If gene and drug were found, data was screened to support single agent activity of the drug in clear reference to an explicit mutation and/or wild type. In clinical studies response “SENSITIVITY” was defined as improvement of response rate, progression of free survival or overall survival under administration of the drug, in case of mutated gene compared to wild type. Response “RESISTANCE” was here defined as decreased response rate, inferior progression free survival or overall survival under administration of the drug, in case of a mutated gene compared to wild type. In experimental studies, response “SENSITIVITY” was defined as deteriorated growth or decreased survival of the tumor model under administration of the drug, in case of mutated gene compared to wild type. Response “RESISTANCE” was defined as accelerated growth or increased survival of the tumor model under administration of the drug, in case of mutated gene compared to wild type. Response “UNKNOWN” was defined as no significant difference of clinical outcome or tumor model reaction when comparing mutant to wild type. References with missing evidence of single agent activity, effectiveness of the administered drug or missing reference to the drug or gene itself, were classified as response “UNKNOWN” as well.

Integration of DRS

We used the CellMiner tool to mine for drug response correlating to expression data of the NCI-60 cell lines55. As previously published, corresponding genes were used to generate patient specific drug response scores (DRS) using correlation coefficients as weighting factors56. Thereby, DRS represent a statement on a potential drug response based on the level of expression of a certain gene product. Hence, a positive DRS is a prediction of a drug sensitivity, as the underlying investigations correlated tumor model response to a certain level of gene product expression. However, a negative DRS does not predict a therapy resistance, but a non-response to the drug.

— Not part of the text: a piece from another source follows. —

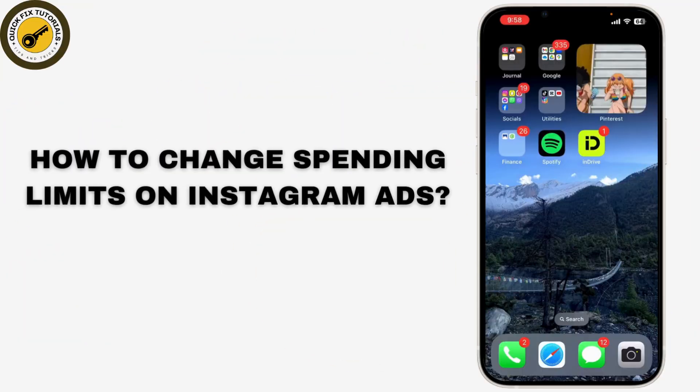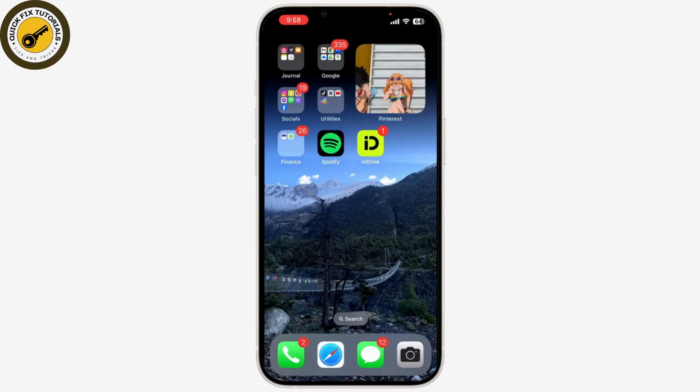If you're looking to change your spending limit on Instagram ads in 2024, you're in the right place. Today I'm going to show you how exactly to adjust your ad budget so you can manage your spending more effectively. Let's get started. Changing your spending limit on Instagram ads is an important step to ensure your advertising budget aligns with your goals.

Molecular subtype analysis

To investigate potential differences in the distribution of the identified targetable genes across the molecular subtypes18, we performed logistic regression coupled to an ANOVA independently for each gene. We excluded samples not covered by the consensus definition (n = 6) as well as those assigned as “NE-like” (due to the small size of this group, n = 6). The null hypothesis for this test is that the molecular subtype has no influence on the mutation prevalence.

Using the Kruskal–Wallis rank sum test, we compared the DRS scores across the molecular subtypes independently for each available drug. For this analysis, we only considered the 405 patients having DRS information available and again excluded patients without a subtype definition and those belonging to the “NE-like” subtype, due to low sample sizes.

In both cases, multiple testing correction was applied using the Benjamini–Hochberg method.